Q: How long have you been teaching at the UA?
A: I’ve been teaching at the university for 31 years.
Q: What has been your favorite teaching moment thus far?
A: It would be really impossible to pick one, but I would say almost any moment in my Shakespeare class when I’m teaching Richard II.
Q: How were you first introduced to Shakespeare?
A: I lived in Connecticut. I grew up in New Haven, Conn. and I lived near Stratford, Conn., which in those days had a Shakespeare theater. My mother used to take me to plays there all the time when I was a boy.
Q: What is your favorite play?
A: Richard II
Q: How do you think Shakespeare’s themes have held up over time?
A: Shakespeare’s themes have held up brilliantly over time. Shakespeare understands what it means to be a person, and people don’t change that much. He understands all sorts of people. He can understand a poor person as well as a rich person, a woman as well as a man, a child as well as an adult. He knows what it means to be human, and that can resonate with anyone at any time.
Q: Do you prefer Shakespeare’s sonnets or plays? (If plays: Comedies, Histories, or Tragedies?)
A: His sonnets are wonderful, but I prefer his plays. The history plays are my favorite.
Q: Since you are involved with the UA Theater in London summer trip, could you share with students why it is important?
A: First of all, it’s very important for students to understand another culture and to see what it’s like to experience life as other people live it. One of the things our students who go to London understand immediately is that people in England have different sorts of attitudes and values often from ours here in America, especially when it comes to the theater.
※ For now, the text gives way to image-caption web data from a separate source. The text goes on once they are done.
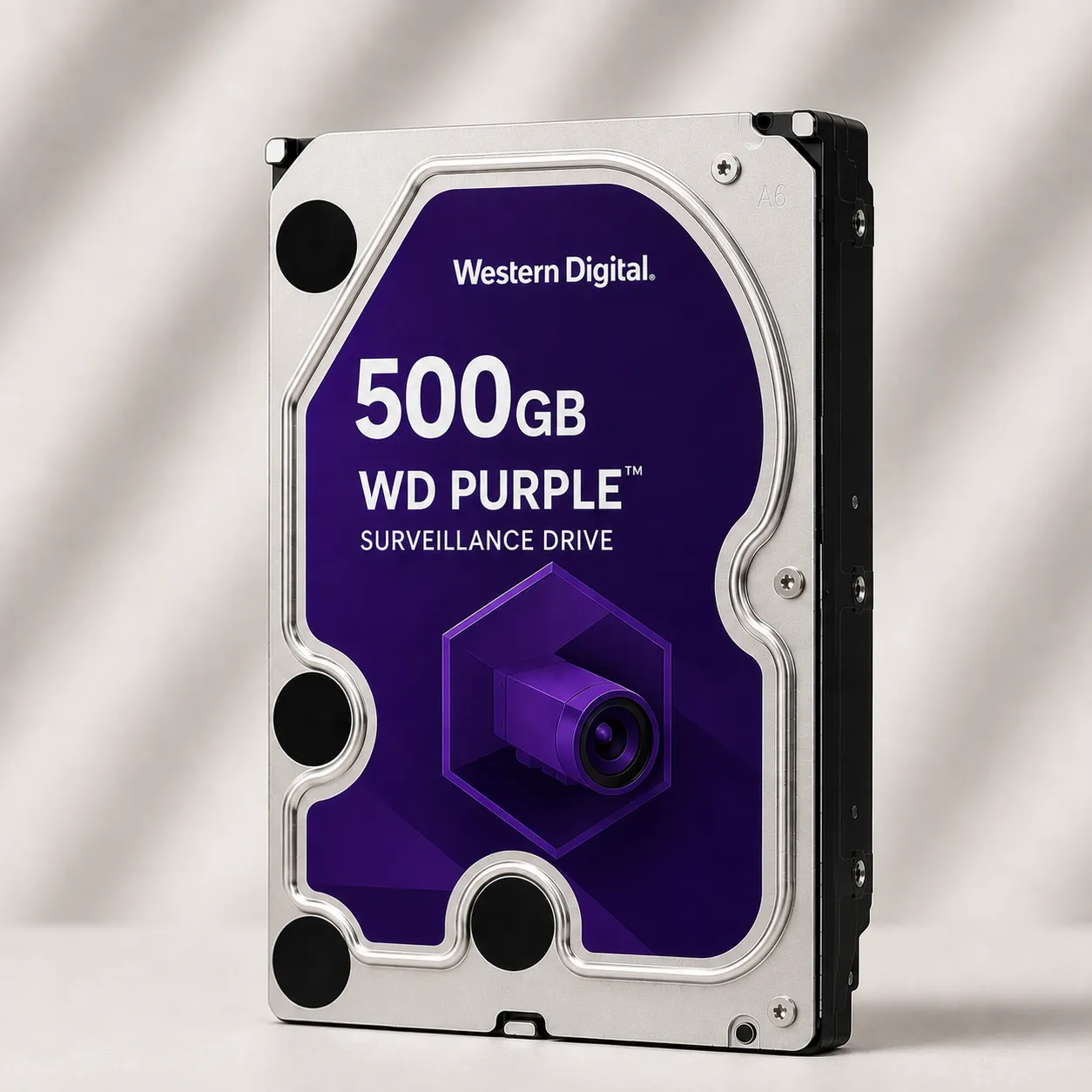 HDD 500GB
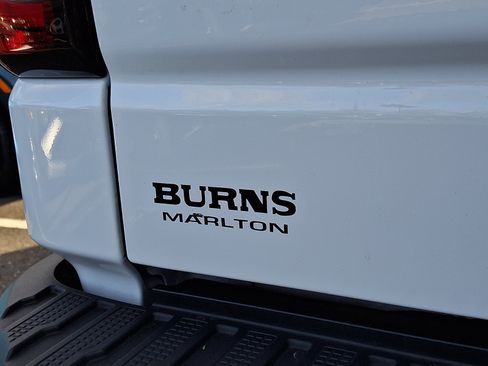 Certified 2023 GMC Sierra 1500 SLT w/ SLT Premium Package image 31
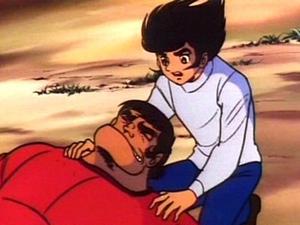 Mazinger Z Epizóda 23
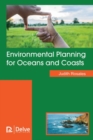 Environmental Planning for Oceans and Coasts - Book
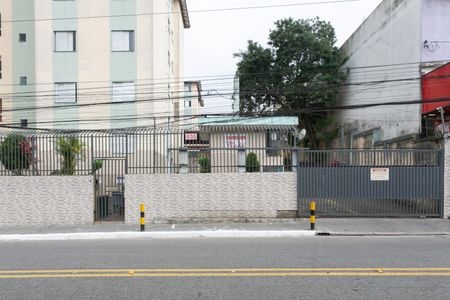 Apartamento para alugar com 56m², 2 quartos e 1 vaga Apartamento para alugar com 56m², 2 quartos e 1 vagaFachada do Condomínio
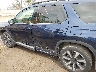5FNYG1H77SB****** Salvage and Repairable 2025 Honda Pilot in Michigan State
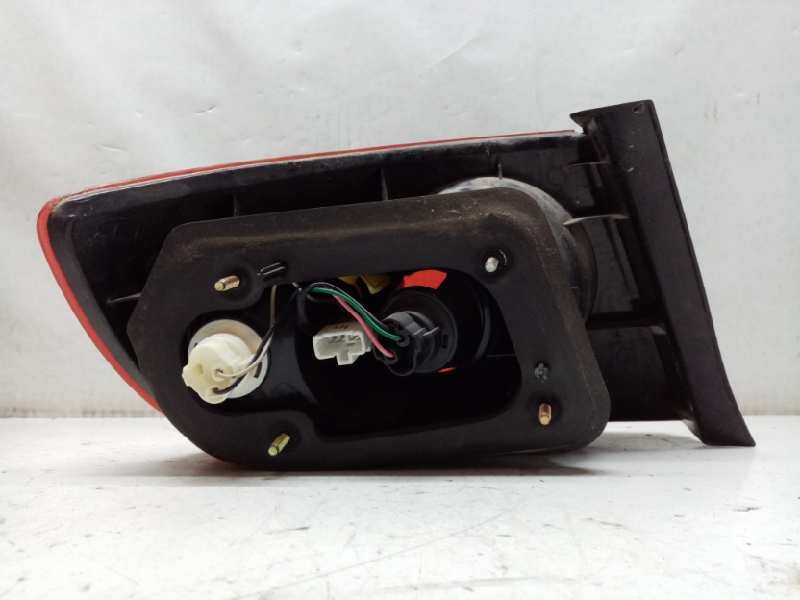 Recambio de piloto trasero derecho para hyundai elantra (xd) 1.6 16v cat referencia OEM IAM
The theater is as popular in England as movies are popular here. Also, our students encounter a lot more history there. The idea of living another culture for a while broadens them and gives them a greater sense of sophistication.
Q: What is your favorite part of the trip, and what do you think that students get out of it?
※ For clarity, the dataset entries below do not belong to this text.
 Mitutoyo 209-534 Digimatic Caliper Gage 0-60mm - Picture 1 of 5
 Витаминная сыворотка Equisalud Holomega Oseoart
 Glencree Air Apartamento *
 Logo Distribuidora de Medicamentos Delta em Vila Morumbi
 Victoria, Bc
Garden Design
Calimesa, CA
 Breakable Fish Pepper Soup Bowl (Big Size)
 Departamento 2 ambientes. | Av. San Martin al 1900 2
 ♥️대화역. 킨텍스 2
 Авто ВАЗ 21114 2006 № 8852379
A: I honestly can’t pick one. I like everything we do. I love going to the theater; I love seeing the cathedrals; I love just walking around the town. I just love everything about it. I can’t say I have a favorite thing to do.
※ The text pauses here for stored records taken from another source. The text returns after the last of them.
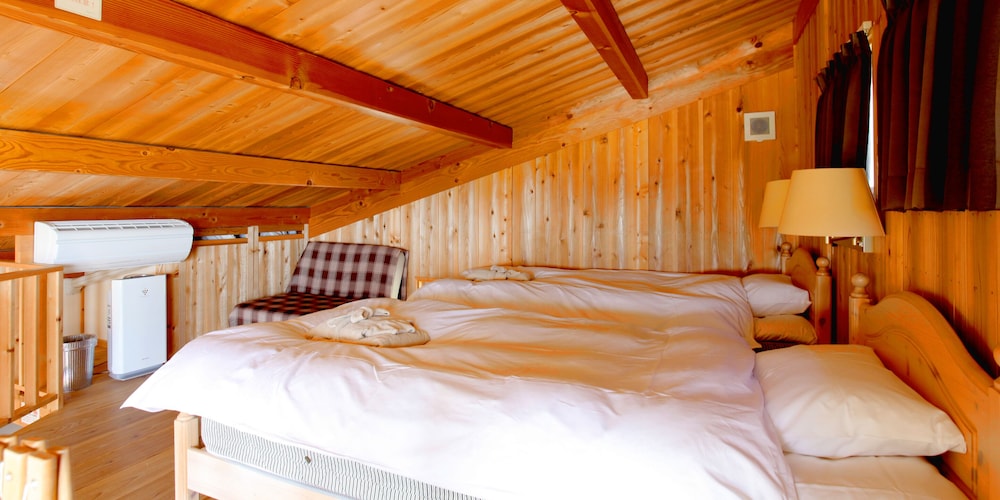 Mt Ichibata Cottage 7/50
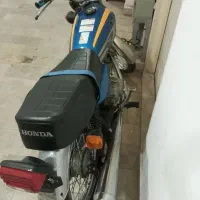 موتور 125|موتورسیکلت|سهند, |دیوار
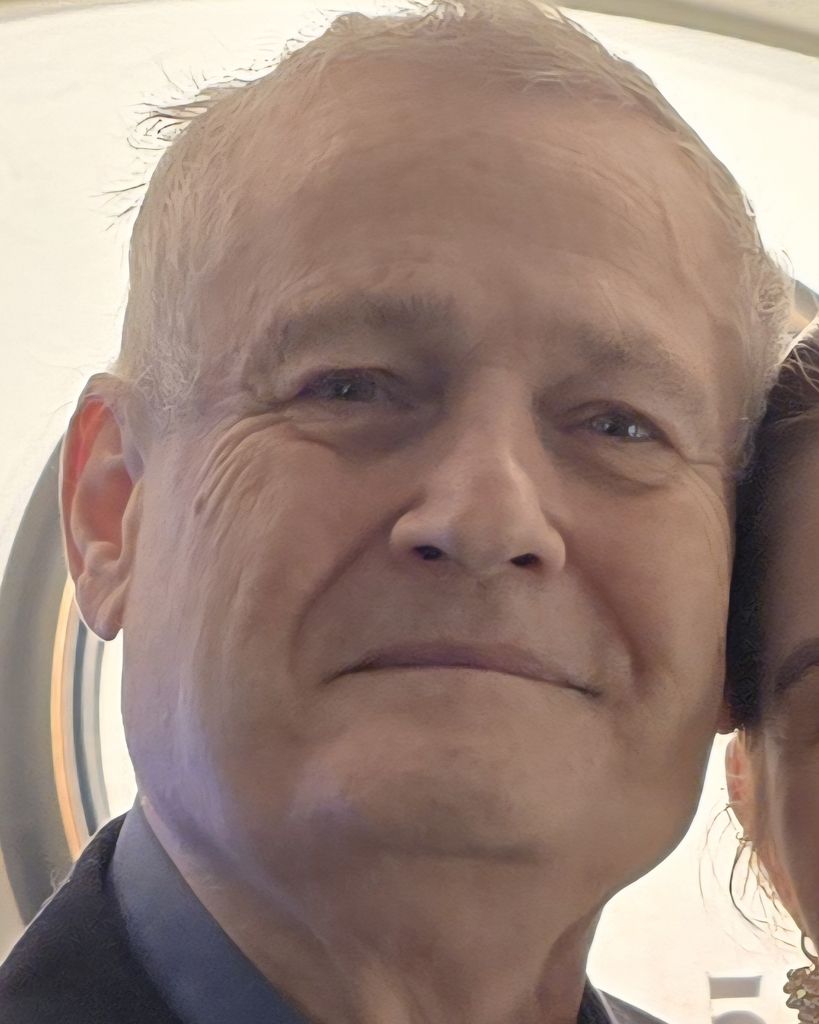 August "Augie" K. DeWilde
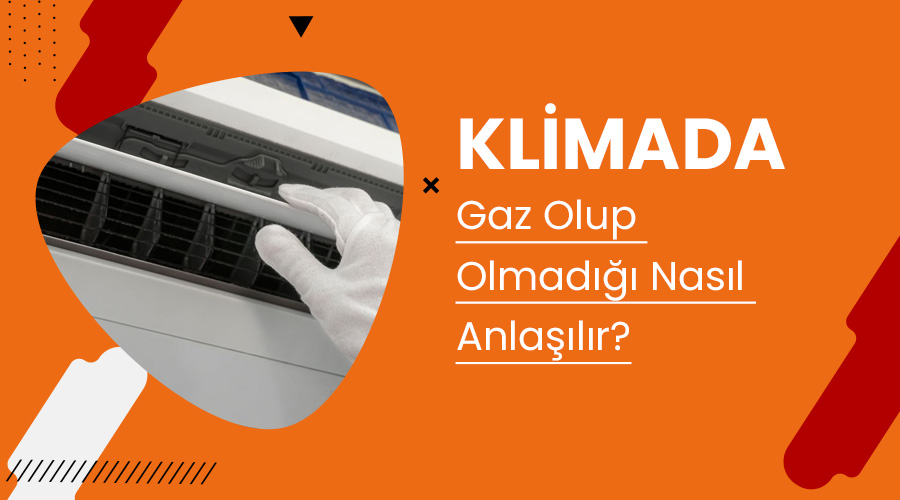 Klimada Gaz Olup Olmadığı Nasıl Anlaşılır?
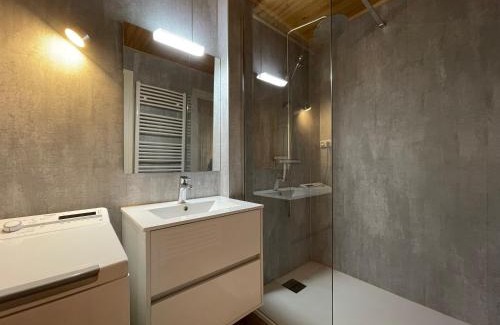 Viel-Alpe Apartment | Homency - Résidence les Chanses E3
Q: This fall you’re going with the UA Rome Center Trip. What are you most excited about concerning the trip?
A: I haven’t been to Rome since I was 18 years old. I’m most excited simply about seeing the great old antiquities of Rome.
Q: If you had to choose one, which Shakespearean Character would you be? Why?
A: I think I’d be Hotspur in 1 Henry IV because he’s such an idealist, and he has some of the most beautiful poetry that Shakespeare ever wrote. He’s a character of pure idealism and very great emotionalism. He’s very passionate. He represents for Shakespeare the last gasp for the chivalric period. He has in him all the beauty of a culture in decline and all of the attraction to something that is old and distant and meaningful but is now giving way to something else. I find that very touching.